EXERCISE GOAL: Please reproduce the data in full, exactly as it stands.

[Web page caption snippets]
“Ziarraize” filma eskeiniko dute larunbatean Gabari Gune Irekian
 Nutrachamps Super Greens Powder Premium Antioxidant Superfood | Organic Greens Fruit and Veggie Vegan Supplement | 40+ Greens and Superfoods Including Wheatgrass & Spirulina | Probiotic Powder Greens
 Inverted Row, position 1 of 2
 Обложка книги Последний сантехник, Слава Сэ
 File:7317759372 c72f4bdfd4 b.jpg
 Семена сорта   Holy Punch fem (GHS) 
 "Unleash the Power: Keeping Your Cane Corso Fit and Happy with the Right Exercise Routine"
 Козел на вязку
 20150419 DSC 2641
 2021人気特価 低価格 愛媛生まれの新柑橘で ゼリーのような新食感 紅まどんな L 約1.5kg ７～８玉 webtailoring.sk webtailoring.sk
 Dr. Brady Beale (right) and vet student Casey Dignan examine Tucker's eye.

RESULT OF THIS EXERCISE:
“Ziarraize” filma eskeiniko dute larunbatean Gabari Gune Irekian
 Nutrachamps Super Greens Powder Premium Antioxidant Superfood | Organic Greens Fruit and Veggie Vegan Supplement | 40+ Greens and Superfoods Including Wheatgrass & Spirulina | Probiotic Powder Greens
 Inverted Row, position 1 of 2
 Обложка книги Последний сантехник, Слава Сэ
 File:7317759372 c72f4bdfd4 b.jpg
 Семена сорта   Holy Punch fem (GHS) 
 "Unleash the Power: Keeping Your Cane Corso Fit and Happy with the Right Exercise Routine"
 Козел на вязку
 20150419 DSC 2641
 2021人気特価 低価格 愛媛生まれの新柑橘で ゼリーのような新食感 紅まどんな L 約1.5kg ７～８玉 webtailoring.sk webtailoring.sk
 Dr. Brady Beale (right) and vet student Casey Dignan examine Tucker's eye.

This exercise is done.